What languages do you cover?

Our network of over 3,000 medical translation experts covers a collective 120+ languages across 100 countries. Your perfect-fit translator will be assigned to your project based on your specified parameters such as target language and country, field of specialization, and therapeutic area.

What is the cost of your services?

Novalins knows that every project comes with unique needs that we aim to satisfy, and pricing is no exception. 

That’s why we calculate pricing based on a project-by-project basis which will account for volume, urgency, client-ordained additions to or subtractions from our standard quality steps, and the number of repetitions in the document.

It’s also based on a per source document word basis (the number of words in the original document prior to translation) and is exclusive of VAT. In order to make sure our team of expert medical translators are paid adequately for their exception work, minimum fees are applied for projects of less than 500 words.

Special pricing can be negotiated for regular work, long-term collaboration, and/or large volume projects, just contact us here (provide a link) to get a quote.

What aspects of a document would impact cost?

We try our best to accommodate every document, but if certain ones require more time, we’ll change the price to reflect that. This would happen in scenarios where documents are: 

  • Low quality scanned
  • Non-editable (e.g. PDFs, images) which require heavy DTP work
  • Handwriting (usually patient-related)

How do I get a quote?

We’re glad you asked.. You can submit a quote request here ( Contact us ) send us an email ( info@novalins.com ) If you’re an existing customer, you can quickly and easily submit new requests via your client portal. 

Do you translate internally or work with a network of translators?

We collaborate with over 3,000 expert freelance medical professionals located across 100 countries to match your project with the best one.   Our internal team consists of Senior Project Managers who are fully trained to coordinate translation activities in the area of Life Sciences, and who understand the quality challenges that healthcare companies face.

Are your services performed by human translators or by machine?

We pride ourselves on offering translations which are 100% made by human translators and proofreaders, and not artificial intelligence.   

Only our client communication is powered by technology – i.e. our Project Management and Client Portal – which facilitate and automate many of the communication requirements associated with medical translations.    We also work with translation memories to keep terminology and stylistic consistency for future translations.

Do you work together with third-party translation agencies?

We do not, we only work directly with our freelancers to ensure streamlined communication and for quality control.

Do you provide services other than translation?

We stick to what we know best.. Among our 3000 medical translators, we count over 600 medical doctors and 900 PhDs, 400 professionals with clinical, quality, PV, biostatistics and regulatory expertise in pharma and medical devices companies, as well as 70 former agency reviewers, located in 100 countries and covering over 120 languages. 

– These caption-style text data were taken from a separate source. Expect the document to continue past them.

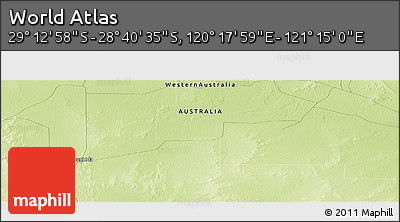 Physical Panoramic Map of the Area around 28° 56' 46" S, 120° 46' 30" E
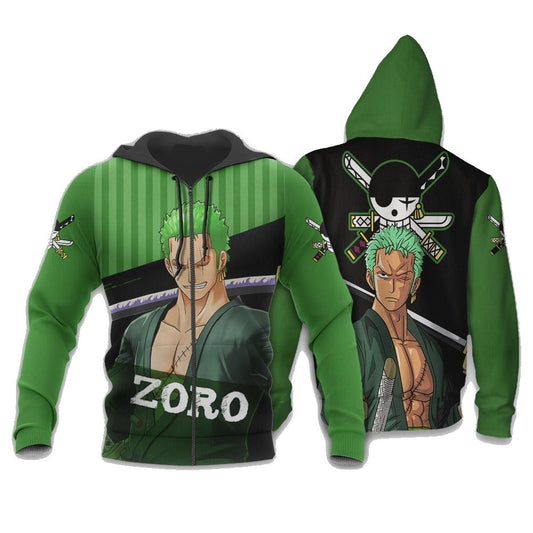 One Piece Zip Hoodie Roronoa Zoro Symbol Graphic Zip Hoodie Black Green Unisex
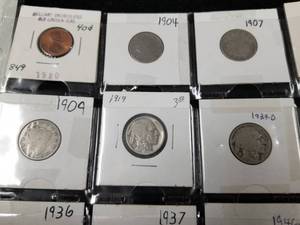 PAGE OF 20 US COINS AS PICTURED with 1857 half dime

Where are your clients based?

Everywhere! Novalins provides medical translation services on an international level for over 350 medical devices, pharmaceutical, biotechnology, CROs and healthcare companies across Europe, Middle East ,The Americas and Asia.

How can you handle very large documents within tight deadlines?

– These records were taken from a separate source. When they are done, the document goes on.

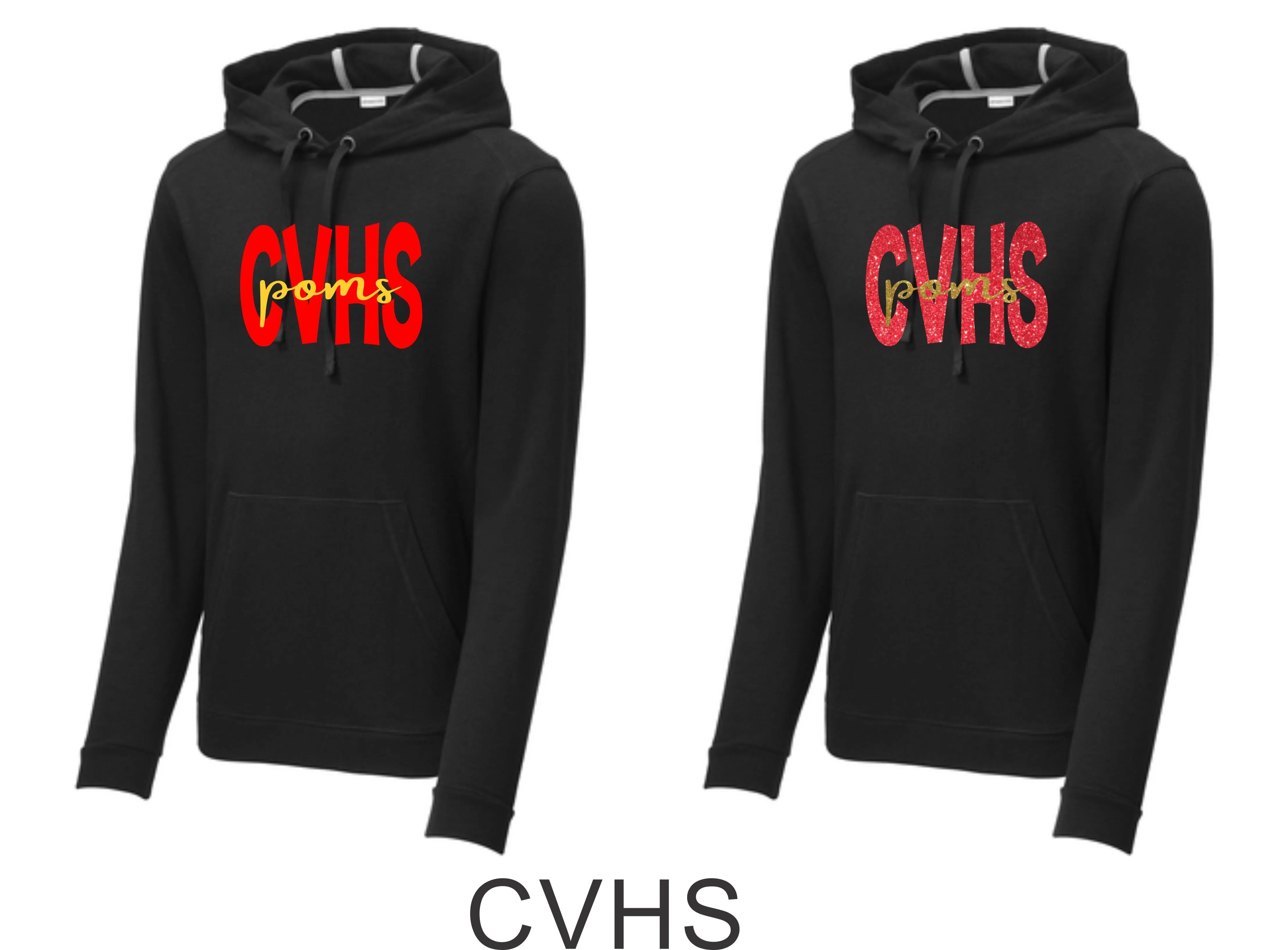 CV Poms Triblend Wicking Hoodie- Ladies or Unisex- 5 designs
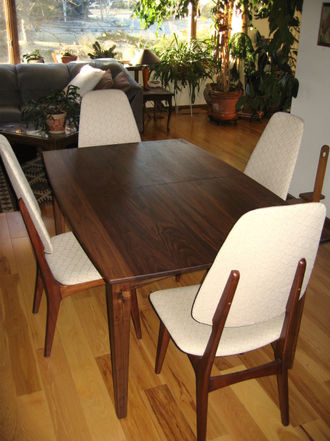 Solid Walnut Boat Shape Midcentury Extension Handmade Boulder Furniture Arts Set Original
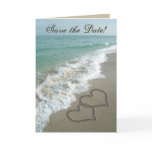 Sand Hearts on Beach, Save the Date Cards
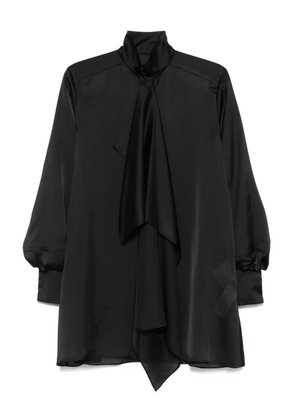 sacai high-neck draped mini dress - Black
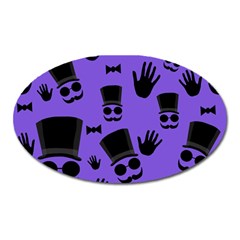 Gentleman Purple Pattern Oval Magnet by Valentinaart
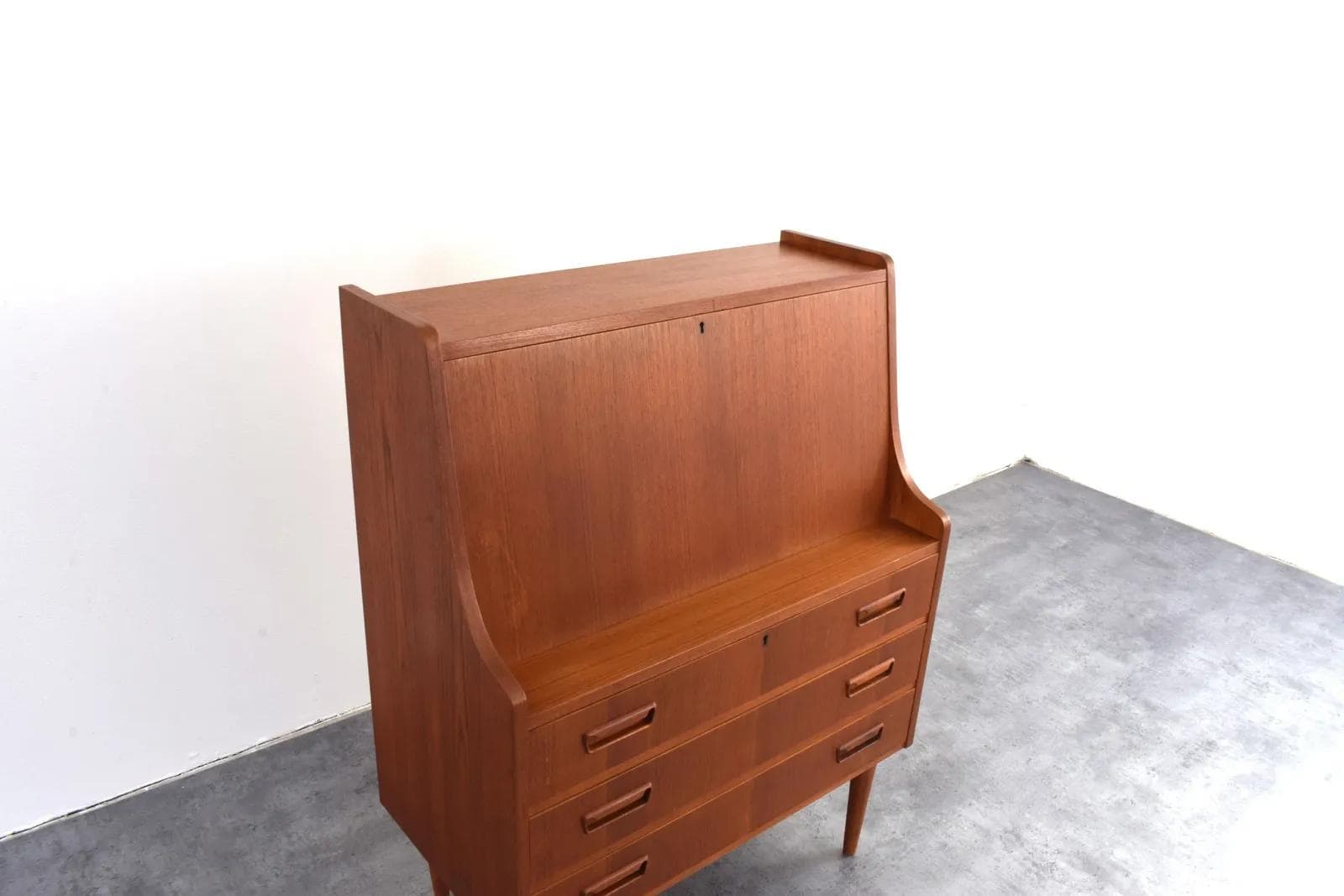 Secretary Desk, brown teak, by G. Nielsen, Tibergaard, Denmark, 1960s. - 315809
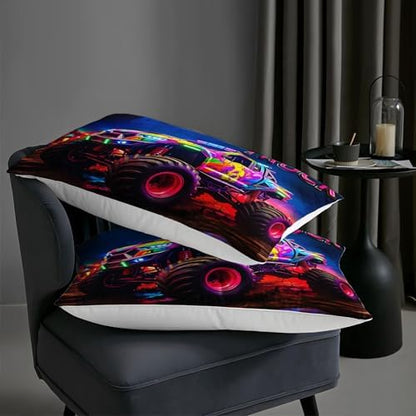 AILONEN Colorful Monster Truck Comforter Set Twin Size, Cartoon Car Bedding Set for Kids,Teens,Adults,3D Print Giant Pickup Truck Comforter Set for All Season,3-Pieces,1 Quilt with 2 Pillowcases,Soft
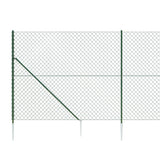 NNEVL Chain Link Fence with Spike Anchors Green 0.8x25 m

Our vast network of over 3500+ expert medical translators allows us to accommodate large projects with quick turnaround needs. We do this by customizing the project and assigning it to a specially curated team, using our learnings on other successful projects.  

To streamline this process, we’ve built a portal where Project Managers can very quickly post new projects, receive applications from over 3000 medical professionals, review translators ́ profiles based on professional/educational background, services and specializations, feedback on their work, etc. and hire the best candidates according to project requirements. The platform provides a central place where PMs can have real-time access to their projects, communicate with hired translators, store/exchange files via a secured system, etc.

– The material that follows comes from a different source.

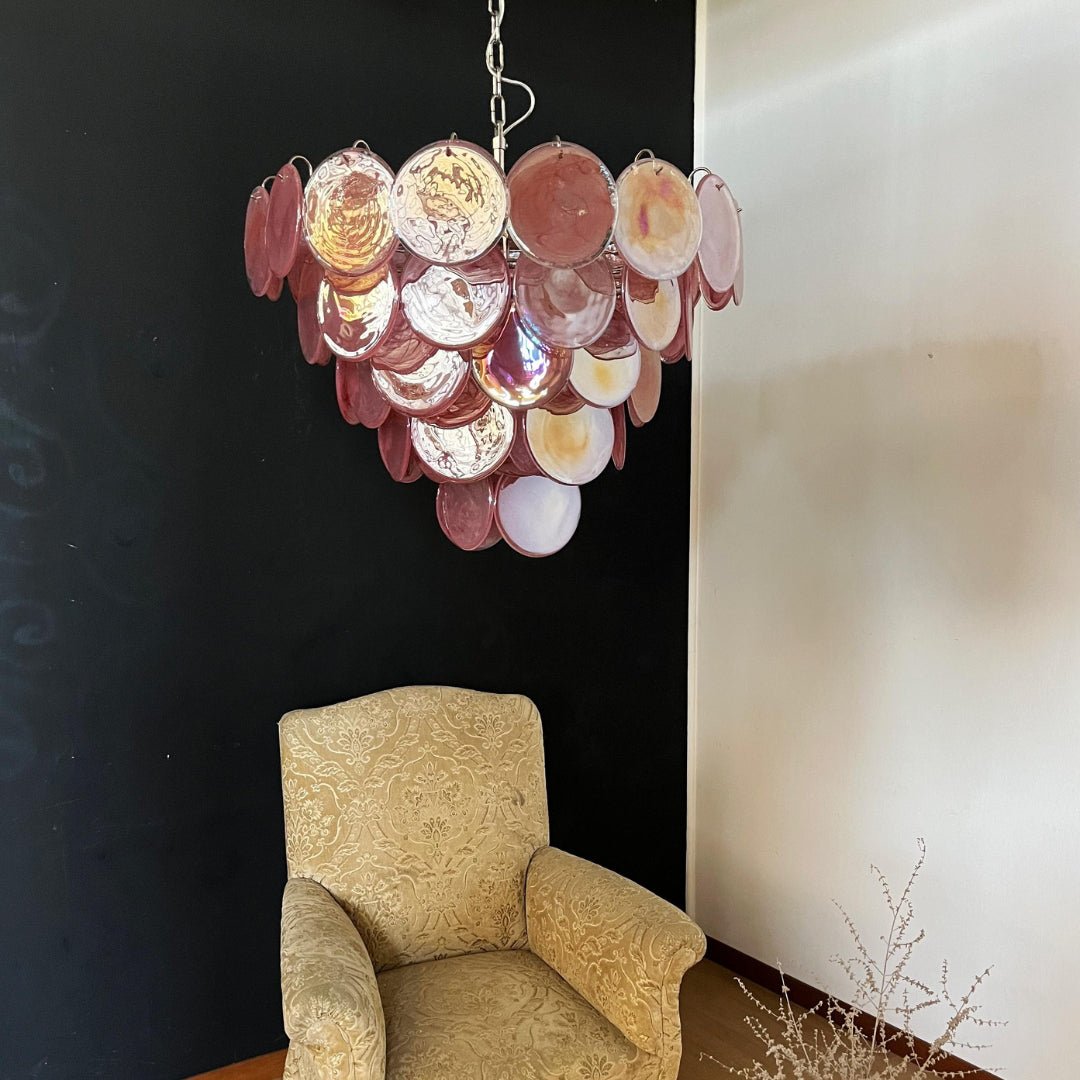 Aurora Lustre Rose Disque Murano Superposé - Neutralighting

Do you have SOPs to cover your processes?

We do! All our operations are compiled in SOPs, that are updated on a regular basis so we can maintain complete consistency.

How do you recruit your team of translators?

Our vendor team carefully screens each experts background and credentials and will verify that they comply with our following minimum requirements:  

  • a scientific background (MSc, PharmD, PhD, MD) and/or a Master´s Degree in Translation with specialization in the medical field  
  • certification by an accredited translation and/or medical writing organization  
  • senior experience in medical translation  

New translators are being tested on sample translations in their field(s) of specialization by our senior medical proofreaders. Those who meet the industry quality standard are registered in our system so that our project managers can search/contact these specialists based on the following filters: 

  • Specialized service (e.g. medical translation, medical writing, regulatory affairs, etc.)  
  • Languages (if translation selected)  

Field of specialization (e.g. pharma, medical device, biotechnology, veterinary, etc.)  

  • Therapeutic area (e.g. immunology, vaccines, etc.)  
  • Document type (e.g. SmPC, ICF, IFU, PROs, Product Monograph, etc.)  
  • Country 

Do you use translation memories and CAT tools?

For Translation Memory management, we uses Trados Studio (current version 2019). For each client, we create a specific TM for each language pair that is updated on a project basis upon translation finalization, to keep terminology and stylistic consistency for future translations.

Can you work with clients´ own software and SOPs?

Of course,  we fully train our Projects Managers and translators on client’s processes and software. We usually create client specific SOPs and strictly follow them for all client’s specialized projects.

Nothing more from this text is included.